═══ GIVEN DATA

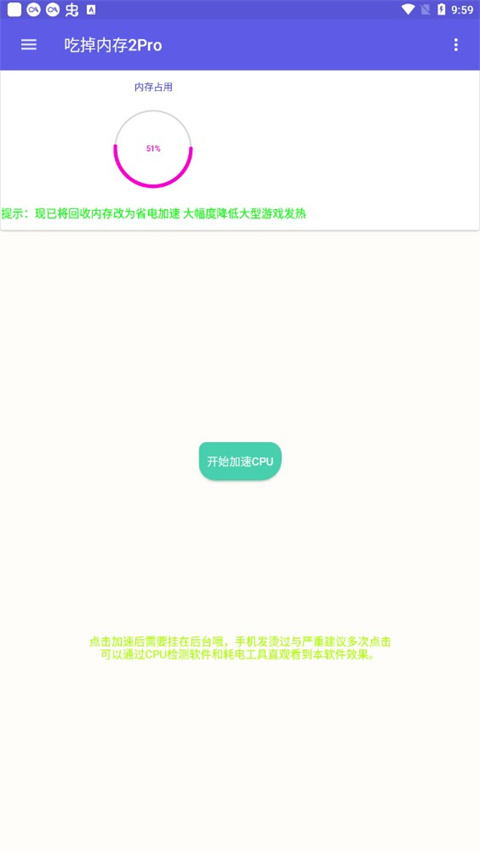 吃掉内存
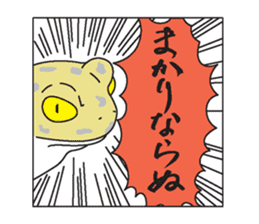 Old Japanese-style OKUN sticker #8354644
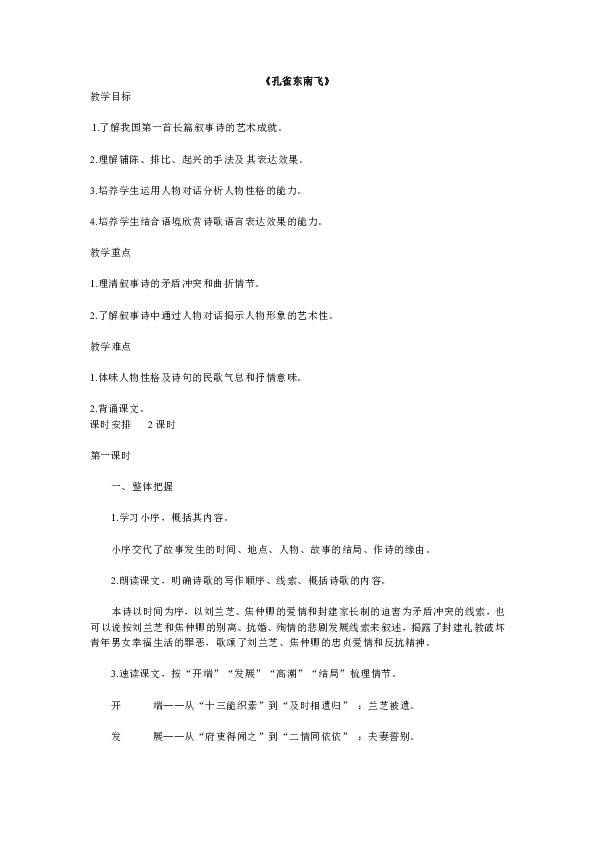 《孔雀东南飞》教案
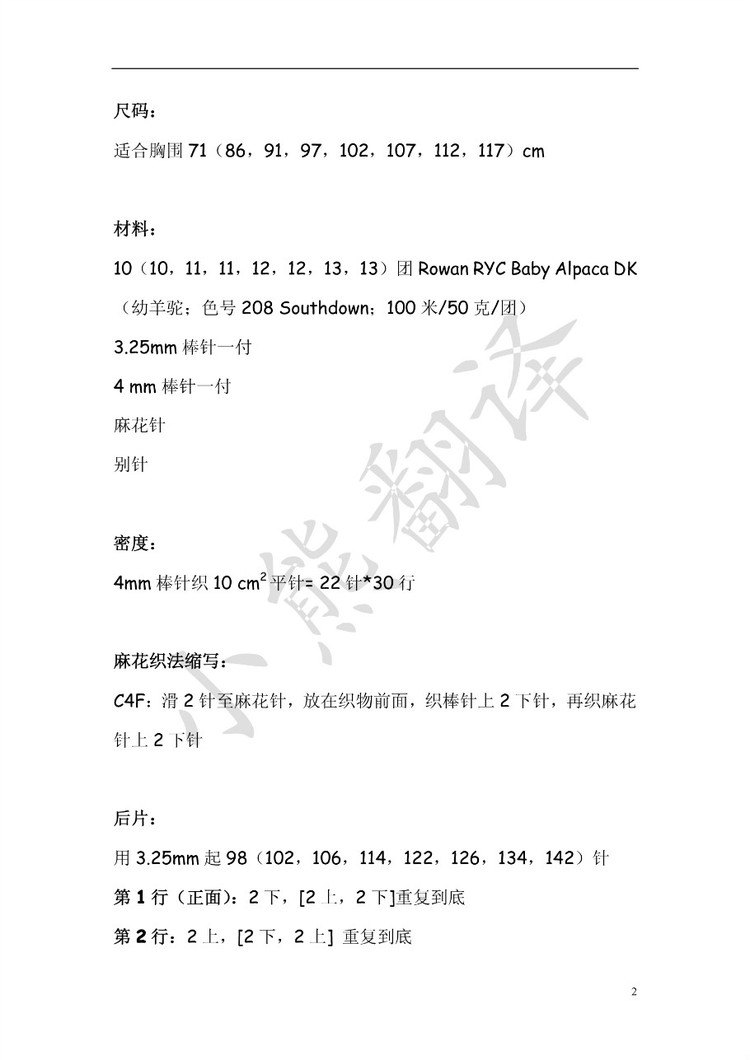 小熊翻譯——JESS淺灰氣質(zhì)開衫（網(wǎng)友供稿） - ferrero1869 - 小熊的天地
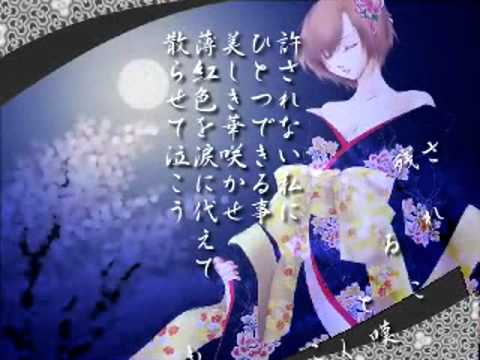 Video thumbnail for 黄泉桜 (Yomi Zakura)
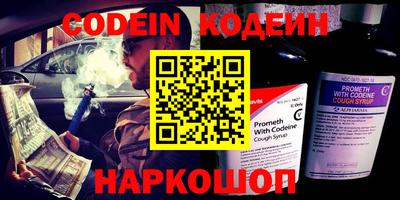 гидропоника Камышлов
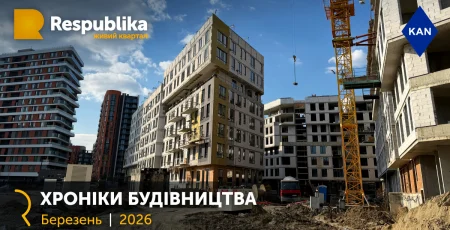 KAN Development прозвітувала про динаміку будівництва у ЖК Respublika
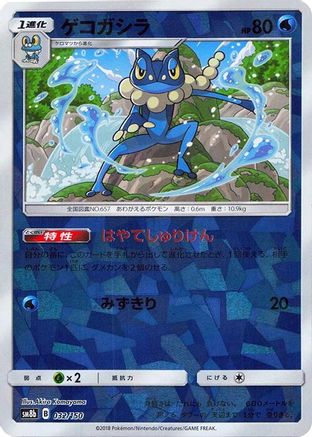 Frogadier - 032/150 (Mirror Holofoil) (032/150) - SM8b GX Ultra Shiny
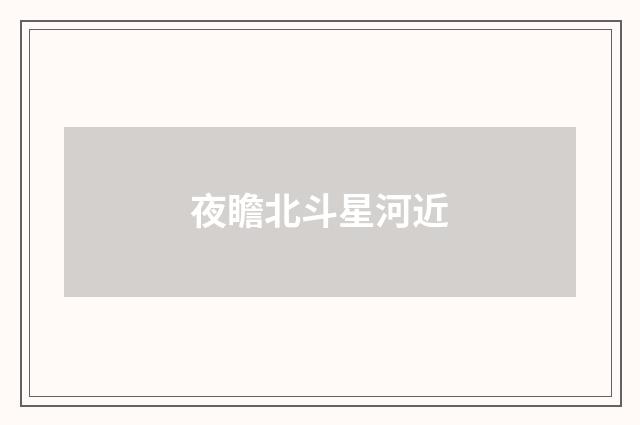 夜瞻北斗星河近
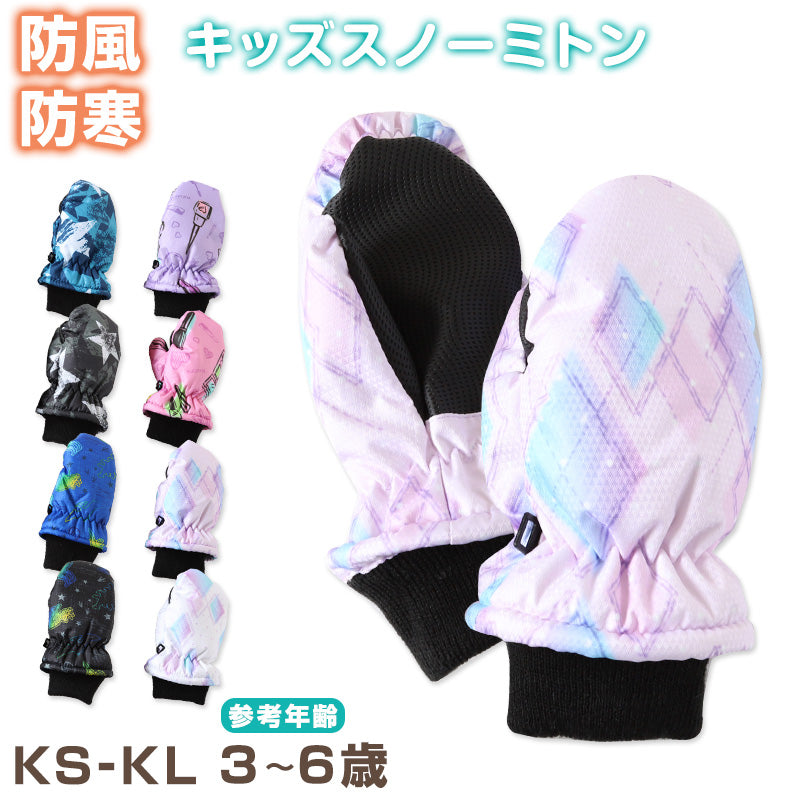 子供 スキーミトン 手袋 グローブ KS・KL こども 子ども キッズ 冬用 冬 防寒 暖かい あたたか 幼稚園 保育園 裏起毛 雪 撥水 (在庫限り)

══════

Reproduce the records, all of them, word for word; omit the pictures.

 吃掉内存
 Old Japanese-style OKUN sticker #8354644
 《孔雀东南飞》教案
 小熊翻譯——JESS淺灰氣質(zhì)開衫（網(wǎng)友供稿） - ferrero1869 - 小熊的天地
 Video thumbnail for 黄泉桜 (Yomi Zakura)
 гидропоника Камышлов
 KAN Development прозвітувала про динаміку будівництва у ЖК Respublika
 Frogadier - 032/150 (Mirror Holofoil) (032/150) - SM8b GX Ultra Shiny
 夜瞻北斗星河近
 子供 スキーミトン 手袋 グローブ KS・KL こども 子ども キッズ 冬用 冬 防寒 暖かい あたたか 幼稚園 保育園 裏起毛 雪 撥水 (在庫限り)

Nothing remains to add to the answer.